Nous avons un premier dossier avec des établissements nous ont saisi de leur demande d’être classés en Education prioritaire. Cela fait déjà plusieurs années (7 ans) qu’ils font valoir leur revendication. Ce sont des établissements qui connaissent des situations très difficiles et qui ont un IPS très faible. Parmi eux, il y a notamment le collège Jean-Henri Fabre à Nice… Il y a aussi le collège La Dullague à Béziers, qui fait partie d’un collectif avec des établissements d’autres académies…
Deuxième dossier : nous avons été alertés sur la situation des 110 collègues de l’académie de Nice qui avaient été promus à la classe exceptionnelle et qui ont appris qu’ils étaient retirés du tableau d’avancement mi-juillet suite à l’intervention d’une organisation qui contestait les critères de départage… Une quinzaine de collègues ont été rétablis mais on vous demande de regarder attentivement la situation de la centaine de collègues restant qui ont été lésés…
Troisième dossier : on a fait une demande d’audience à l’IGESR concernant le mouvement et la carrière des enseignants de Classe préparatoire aux grandes Ecoles, l’IGESR nous a renvoyé sur la DGRH, on s’est tournés vers la DGRH, mais on n’a toujours pas de réponse, on aimerait en avoir une.
Quatrième dossier : en lien avec la question de la prime REP, on a adressé à madame l’ex-ministre Borne en juin dernier un courrier rappelant notre demande d’une grille indiciaire nationale, avec possibilité de progression, pour les AED. C’est une revendication que nous relions à celle d’un statut pour les AED qui sont aussi des personnels précaires et dont la situation a été brutalement placée au-devant de l’actualité avec le meurtre de la collègue de Nogent.
Cinquième dossier : un dossier particulier en lien avec la question plus générale de la protection fonctionnelle.
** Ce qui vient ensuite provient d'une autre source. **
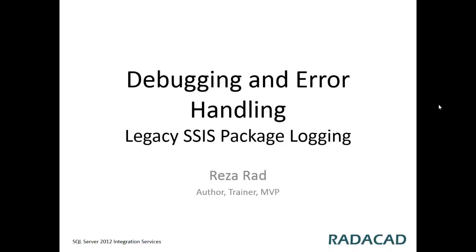Debugging and error handling. This is one of the SSIS 2012 video tutorials series from Redacad. I am Reserat, SQL Server author, trainer and MVP.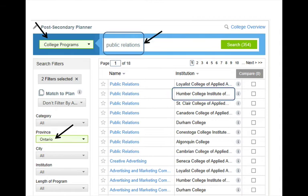When you click on the link for a specific program, you will be taken directly to the website for that college or university, and you will be able to find out all sorts of valuable information about admission requirements, tuition fees, and more.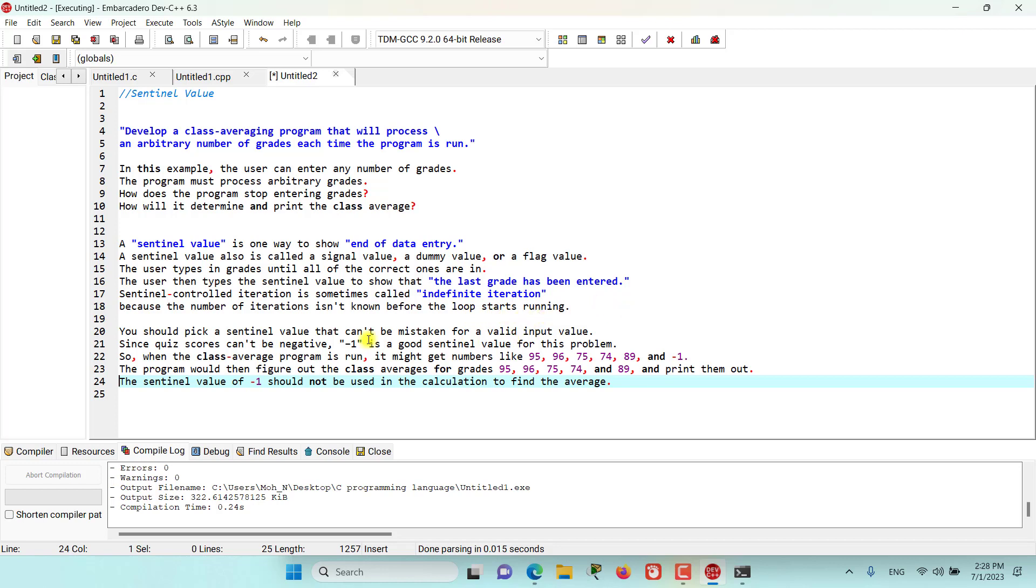An important point to remember is that you should pick a sentinel value that can't be mistaken for a valid input value. Since quiz scores cannot be negative, we can select minus 1 as a good sentinel value for this problem.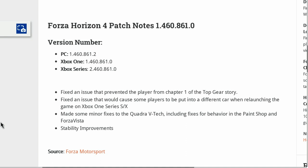This is patch 1.460.861.0, or 2.460.861.0 depending on if you're on PC, Xbox One, or Xbox Series, but it's for all three platforms. It's somewhat small, so let's get right into it. Today there are just a few fixes they've done.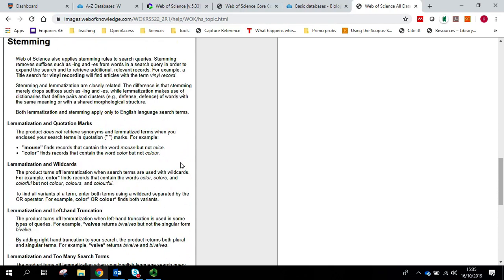Stemming refers to different endings or suffixes to a word. For example, vinyl recording would also find vinyl record. However, Web of Science only does this unless you're using phrase marks.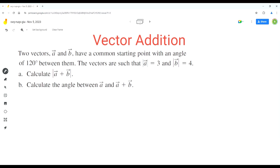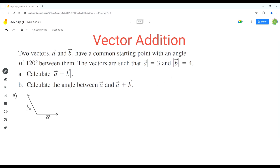Let's start with part a. The first step is to draw a diagram for vectors a and b. We are given that the two vectors have a common starting point and an angle of 120 degrees between them. Since 120 degrees is an obtuse angle, we draw the diagram accordingly. Vector b is slightly longer than vector a because its magnitude is greater, and the angle between them is 120 degrees.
Il s’agit d’un collègue de l’académie de Reims qui fait l’objet de diffamations mais qui n’a pu bénéficier ni du respect du principe du contradictoire à son égard ni de la protection fonctionnelle. Nous avons alerté la DGRH par un mail envoyé hier.
Sixième dossier : suite à une cyber-attaque qui a frappé les Lycées des académies de Lille et Amiens, les personnels enseignants risquent de se trouver dans des conditions particulièrement dégradées pour reprendre le travail à la rentrée. La FNEC FP-FO de l’académie d’Amiens demande deux journées banalisées à la rentrée pour que les personnels puissent reprendre dans des conditions moins difficiles. Nous vous demandons de prendre en considération cette revendication.
Ministre : Nous allons étudier toutes ces demandes. Concernant la carte de l’Education prioritaire, je ne peux pas reprendre toute la carte en année électorale. En revanche, les situations atypiques seront étudiées pour la rentrée 2026. On connaît les situations du collège Jean-Henri Fabre de Nice et du collège La Dullague à Béziers. Concernant les AED, il y a des grilles académiques.
FNEC FP-FO : Nous n’acceptons pas les inégalités inhérentes à une gestion académique. Nous revendiquons un cadrage national aligné sur le plus favorable.